May 28, 2024 at 10:15 am

Military parade as the Algeria celebrated 60 years of independence from France in the capital Algeria on 05 July 2022 [Hamza Zait/Anadolu Agency via Getty Images]

Algeria submitted a list of items held by France since the colonial era in order to restore them as part of the joint memory committee to look into that historical period, according to a statement issued by the committee yesterday.

In a statement, Algiers said: “The Algerian Committee presented an open list of historical Algerian possessions with symbolic significance, preserved in various French institutions, and proposed for retrieval and delivery in a symbolic capacity to Algeria.”

“The Algerian committee called on its French counterpart to raise its concerns about the recovery of cultural and archival property and others on the attached list to French President Emmanuel Macron.”

The French committee “unanimously” approved this request “and committed to submitting it to the French President, in order for these properties to be returned to their country of origin as soon as possible.”

Since its establishment in 2022, the committee has held five meetings, the most recent of which was held last week, with the participation of ten historians, five from each side, in order to “look together into that historical period” from the beginning of colonialism in 1830 until the end of the War of Independence in 1962.

At the Paris meeting in February, the joint committee agreed to recover all the property that symbolises state sovereignty belonging to Emir Abdelkader Ibn Muhyiddin (1808-1883), who is in the eyes of the Algerians the founder of the modern state and the hero of the resistance against French colonialism.

OPINION: The return of the martyr’s remains was a new victory for Algeria’s colonial resistance

In 2020, France returned the remains of 24 resistance fighters who were killed at the beginning of the French colonisation of Algeria, which lasted 132 years between 1830 and 1962. However, Algeria continued to demand the return of “skulls found in museums” for reburial.

At the end of March, the French National Assembly approved a resolution condemning the massacre of October 17, 1961 in Paris committed by the police against Algerian demonstrators, which Tebboune saw as a “positive step.”

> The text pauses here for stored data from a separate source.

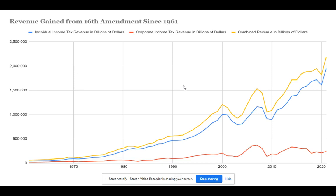For example, throughout the 1980s, tax revenue generally increased despite across-the-board tax cuts from President Reagan. This was due to economic success during this time, as seen through the GDP growth rate and the decline in average unemployment rate.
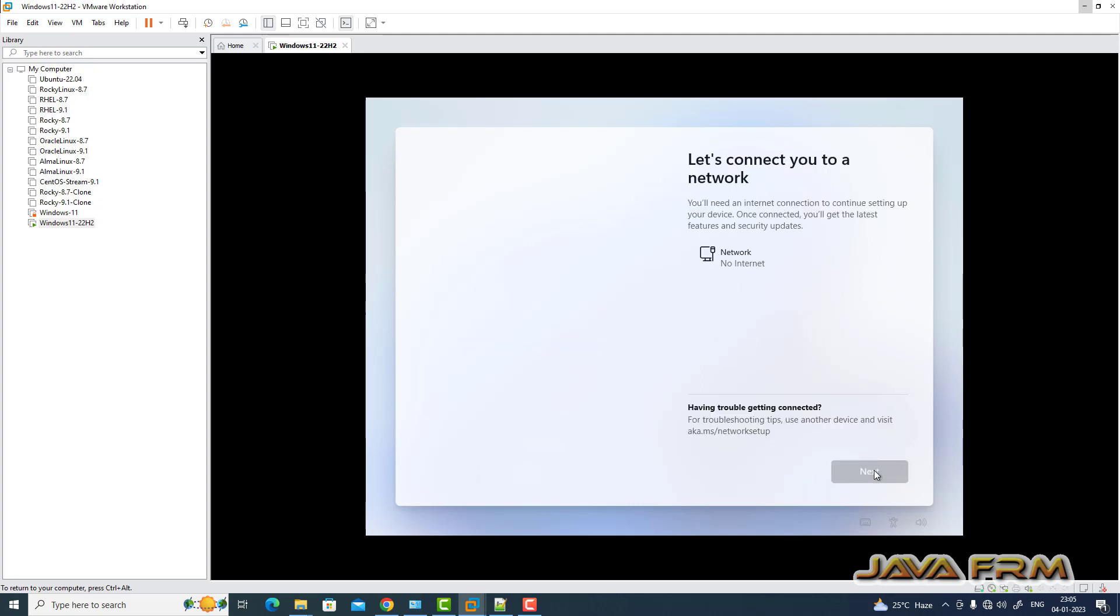Here I am trying to install Windows 11 22H2. See here it's asking for an internet connection. I don't have internet, so how to bypass it?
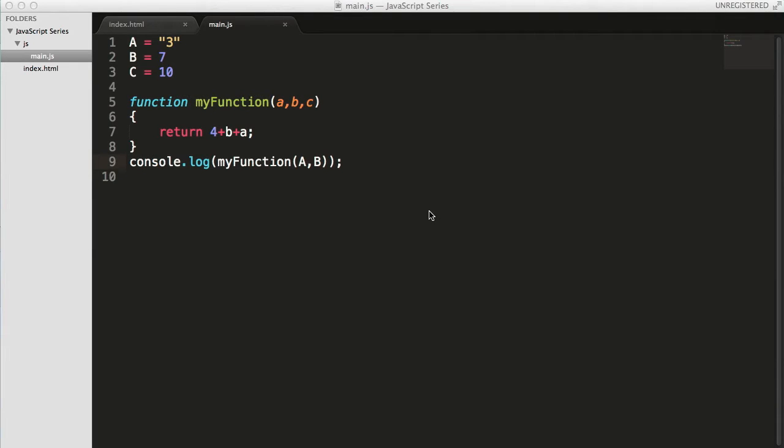Hey guys, welcome back to the WebDiveMenters YouTube channel and you're watching JavaScript series for beginners. Well in this video we're gonna see about anonymous function.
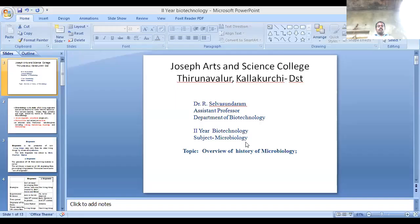Good morning, dear students. I am Dr. Asterol, Professor, Department of Biotechnology, Joseph Parts and Science College, Tirunavallur. Today we are going to see the lesson for Microbiology, Second-Year Biotechnology.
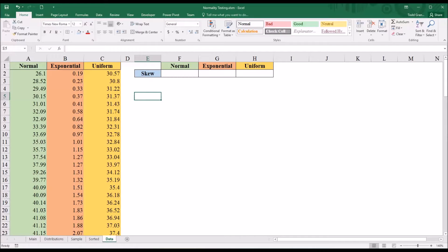Perhaps as you build up a data set you want to test it repeatedly and see if the variables are normally distributed — that would be an appropriate usage of Excel as far as testing normality. So let's take a look at a few things we can do to approximate normality testing in Excel.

Before the expected visit of the Algerian President to France, which has been postponed several times, pre-term presidential elections will be held on September 7, 2024, i.e., three months before its scheduled date, but Tebboune has not yet announced his candidacy for a second term.

In December, Algerian Foreign Minister Ahmed Attaf considered the terms of the visit unsuitable and then mentioned five issues that must be resolved in advance, including memory, mobility, economic cooperation, and addressing the repercussions of French nuclear tests in the Algerian Sahara during colonial times.

The next meeting will be in France at the beginning of July, according to the statement.